Stocks retreat after second-quarter economic growth slows more than expected

By Stephen Bernard, AP
Friday, July 30, 2010

Stocks drop after 2Q GDP growth slows

NEW YORK — Stocks fell and interest rates rose in the Treasury market Friday after the government said the economy grew at a slower pace than expected during the second quarter.

The Commerce Department said the gross domestic product, the broadest measure of the economy, grew at an annual pace of 2.4 percent from April to June. That’s less than the 2.5 percent economists polled by Thomson Reuters had forecast.

The Dow Jones industrial average fell 52 points in morning trading. The other major stock indexes also fell.

Losses moderated after the University of Michigan/Reuters consumer sentiment index for July rose slightly more than expected.
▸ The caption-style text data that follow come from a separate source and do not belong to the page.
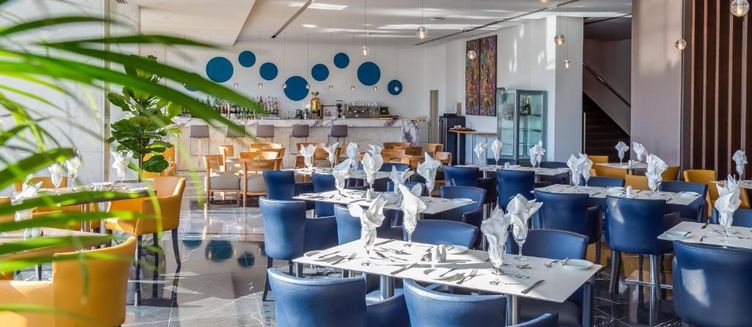 Фото отеля Sun Hall Hotel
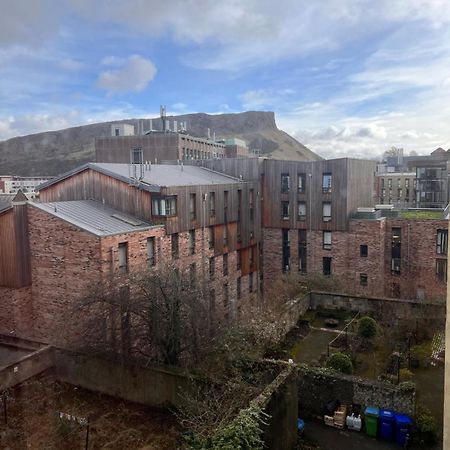 Crags View Apartment On The Royal Mile Edimburgo Esterno foto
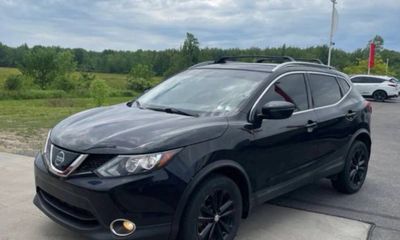 2018 Nissan Rogue Sport S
But investors’ focus was on the GDP, which confirmed their belief that the recovery is weakening as unemployment remains high and government stimulus programs end. Consumers cut back on their spending because of job worries and companies spent less to rebuild inventories.

The figure was especially discouraging after the government revised first-quarter growth to a pace of 3.7 percent from 2.7 percent.

The Dow Jones industrial average entered the last day of July up 7.1 percent for the month. The market’s big gains have come on strong corporate earnings and profit forecasts that conflict with economic reports that point to a slowdown.

In the past few days, however, investors have been more focused on economic reports. Disappointing numbers on housing and unemployment and cautious words from the Federal Reserve have sent stocks lower.

In morning trading, the Dow Jones industrial average fell 52.00, or 0.5 percent, to 10,414.03. The Standard & Poor’s 500 index dropped 6.05, or 0.6 percent, to 1,095.48, while the Nasdaq composite index fell 17.17, or 0.8 percent, to 2,234.52.

About two stocks fell for every one that rose on the New York Stock Exchange where volume came to 147.1 million shares.

The disappointing GDP report sent investors into the safety of the Treasury market, which drove interest rates lower. The yield on the 10-year Treasury note, which moves opposite its price, fell to 2.94 percent from 2.99 percent late Thursday. Its yield is used to set rates on mortgages and other consumer loans.

The final reading of the University of Michigan consumer sentiment index for July rose to 67.8 compared with a preliminary reading of 66.5. Economists expected it to increase to 67.

A better-than-expected report on manufacturing in the Midwest did little to ease investors’ concerns. The Chicago Purchasing Managers Index rose unexpectedly to 62.3 this month from 59.1 last month. Economists were expecting a drop to 56.5.

European markets fell after reports that Spain’s credit rating is likely to be cut by Moody’s Investors Service. The potential downgrade comes as the country’s unemployment rate jumped to a 13-year high of 20.09 percent and the government continues to grapple with rising debt problems.

Losses also accelerated in Europe after the weak GDP report.

Spain’s IBEX 35 fell 2 percent. Britain’s FTSE 100 fell 0.8 percent, Germany’s DAX index dropped 0.8 percent, and France’s CAC-40 fell 0.8 percent. Japan’s Nikkei stock average fell 1.6 percent.